The Ministry of Health of the Russian Federation has developed a draft law changing the rules for personalized medicine. The draft amendments to the law “On the Circulation of Medicines,” which is published on the official portal, establish a special procedure for gene therapy products manufactured for a specific patient. The new norms will take effect on March 1, 2028.
Exemption from Registration for Patient Benefit
The main innovation is the exemption of individual gene therapy products from the mandatory state registration requirement. This harmonizes Russian law with EAEU standards, which already allow the use of unregistered medicines if they are produced strictly for a specific individual. The term “tissue-engineered medical products” is also introduced.
Full-Cycle Control
Despite the exemption from registration, the circulation of such drugs will be strictly regulated. The draft law covers the entire cycle: from development and preclinical studies to quality control, storage, and mandatory destruction. Only clinics that have received a special permit from the Government of the Russian Federation will be able to manufacture these products.

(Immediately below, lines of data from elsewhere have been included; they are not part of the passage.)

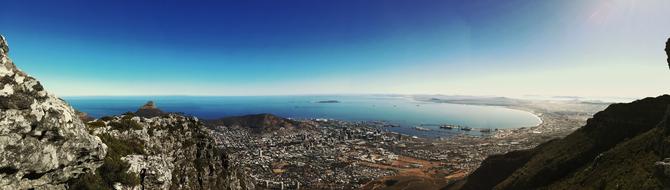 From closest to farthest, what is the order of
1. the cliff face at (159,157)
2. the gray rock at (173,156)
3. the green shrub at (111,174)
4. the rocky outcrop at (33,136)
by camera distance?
the rocky outcrop at (33,136)
the green shrub at (111,174)
the cliff face at (159,157)
the gray rock at (173,156)

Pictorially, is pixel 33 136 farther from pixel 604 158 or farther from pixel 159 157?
pixel 604 158

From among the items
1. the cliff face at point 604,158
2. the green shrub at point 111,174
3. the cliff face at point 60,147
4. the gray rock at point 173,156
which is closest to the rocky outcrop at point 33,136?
the cliff face at point 60,147

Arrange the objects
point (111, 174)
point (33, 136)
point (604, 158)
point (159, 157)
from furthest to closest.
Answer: point (604, 158)
point (159, 157)
point (111, 174)
point (33, 136)

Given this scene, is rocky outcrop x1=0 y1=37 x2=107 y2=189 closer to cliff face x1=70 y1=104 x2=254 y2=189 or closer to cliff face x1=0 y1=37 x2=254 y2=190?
cliff face x1=0 y1=37 x2=254 y2=190

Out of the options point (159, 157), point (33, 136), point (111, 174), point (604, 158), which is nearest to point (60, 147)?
point (33, 136)

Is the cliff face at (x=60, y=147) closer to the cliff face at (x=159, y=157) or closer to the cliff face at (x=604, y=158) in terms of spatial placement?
the cliff face at (x=159, y=157)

Scientific and Ethical Expertise
A multi-level verification system is provided for patient safety:
- Scientific Assessment: A specialized federal institution will issue permits for the manufacture of products synthesized based on the results of the patient’s genetic material research.
- Ethical Expertise: An ethics council will issue opinions on the justification for using such individual drugs.
Post-registration monitoring of efficacy and safety is assigned to Roszdravnadzor.
Focus on Technological Sovereignty
The initiative continues the development of genetic technologies in Russia through 2030. The goal is to develop original high-tech products for treating socially significant diseases and to strengthen the country’s drug security.